筆者大岡昇平氏は、京都帝国大学(今の京都大学)文学科卒業のインテリでありながら、一兵卒として徴兵され、フィリピンに送られた。そしてミンドロ島サンホセに暗号兵として赴き、1945年1月の米軍によるミンドロ島上陸に際して米軍の捕虜となり、レイテ島に送られる。そこでレイテ戦で戦った陸海軍の捕虜達と一緒になり、約1年間に渡る捕虜生活を送ることになる。
本書は捕虜の立場から見た捕虜達の生活を、少し滑稽に、少し皮肉を込めて、描いている。
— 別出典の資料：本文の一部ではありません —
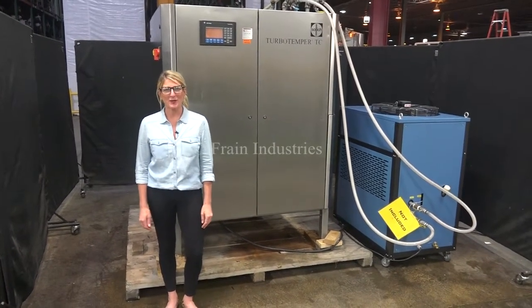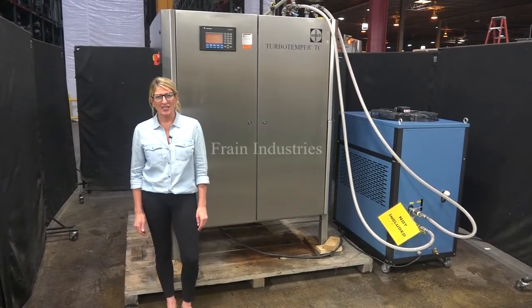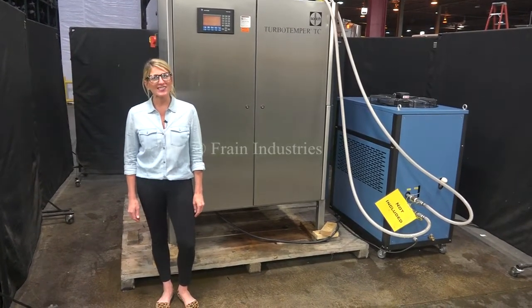Hi, I'm Katie with The Frame Group. Today we're cycling your Solitz chocolate tempering unit. We recommend you use a manual in its entirety before powering up the machine. The voltage is currently set to 3 phase, 480 volts.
「日本人収容所長」として権力を奮った「イマモロ」(今本)、その腰巾着の「オラ」(織田)が代表格だが、その他にも様々な捕虜達が登場し、紙面を彩っている。また、筆者と関わりのある米軍関係者、ミンドロ島で共に戦った戦友達にまで話が及び、戦場及び捕虜という異常な環境下で筆者がどのように生きたかが生き生きと描かれている。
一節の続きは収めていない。